→ Action item:
In the entries that follow, find the line containing "0119 sabot en cuir femmes noir" and the line containing "Collage of legendary", then copy exactly everything from the first through the second except the pictures.

→ Entries supplied:
* * * *
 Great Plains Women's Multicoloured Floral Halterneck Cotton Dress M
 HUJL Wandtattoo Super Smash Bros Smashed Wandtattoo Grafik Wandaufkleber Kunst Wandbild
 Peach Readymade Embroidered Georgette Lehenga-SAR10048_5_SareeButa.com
* * * *
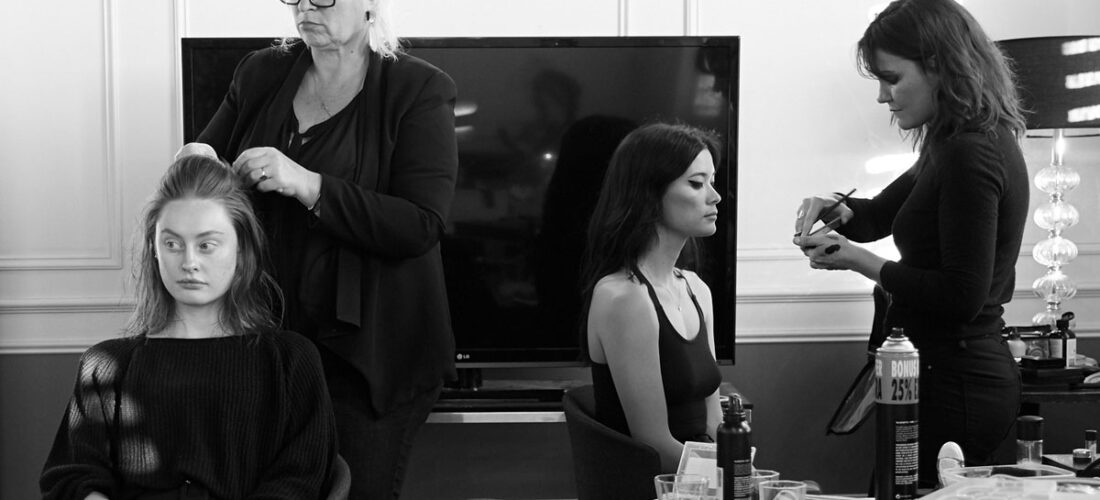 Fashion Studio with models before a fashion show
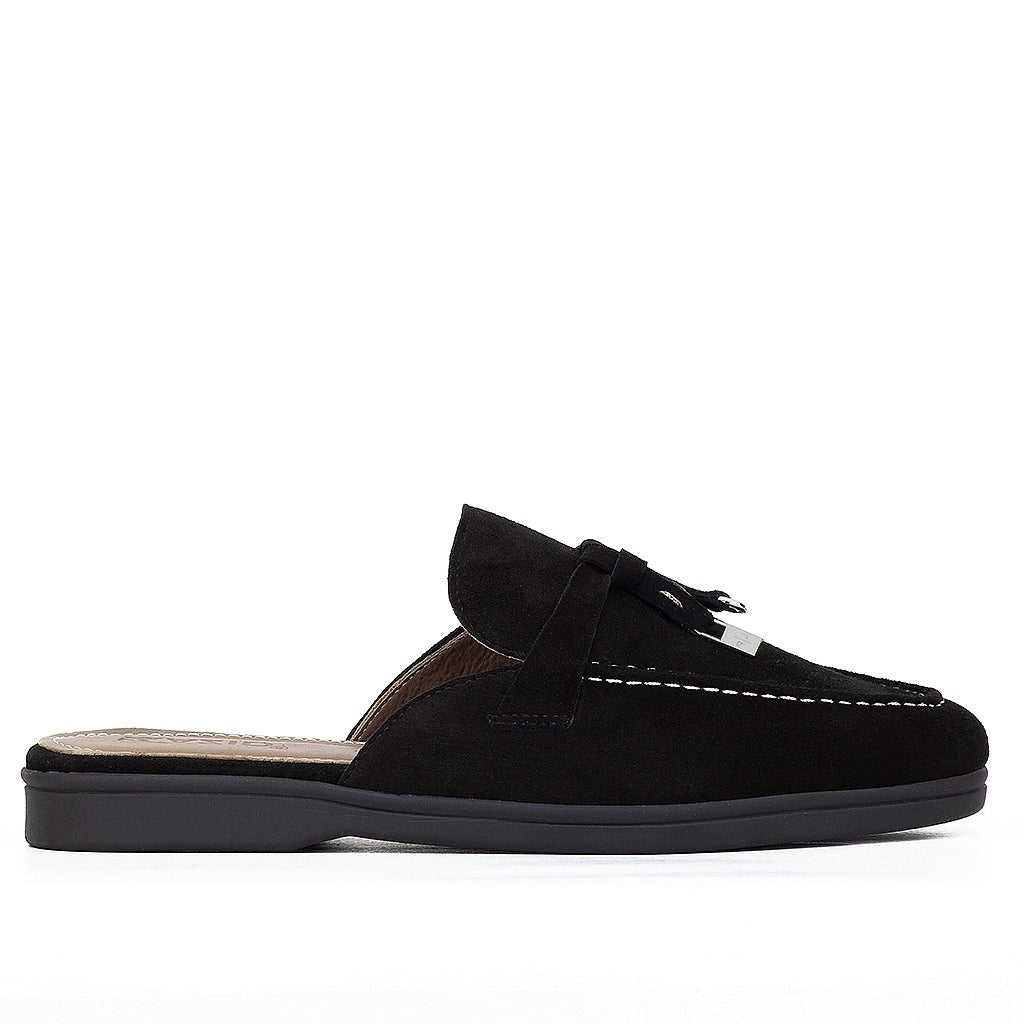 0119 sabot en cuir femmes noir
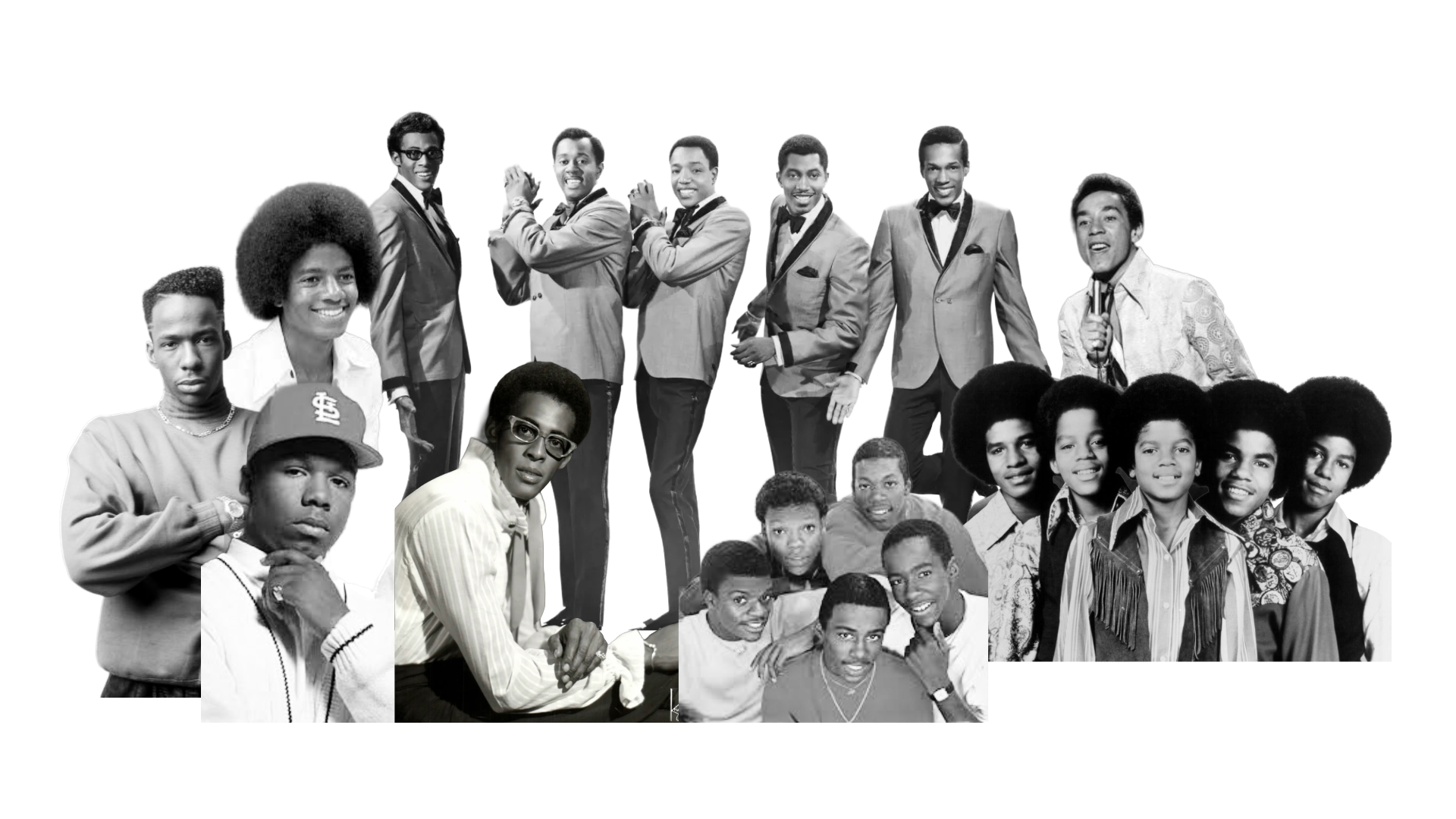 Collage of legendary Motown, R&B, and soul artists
* * * *
→ Task result:
 0119 sabot en cuir femmes noir
 Collage of legendary Motown, R&B, and soul artists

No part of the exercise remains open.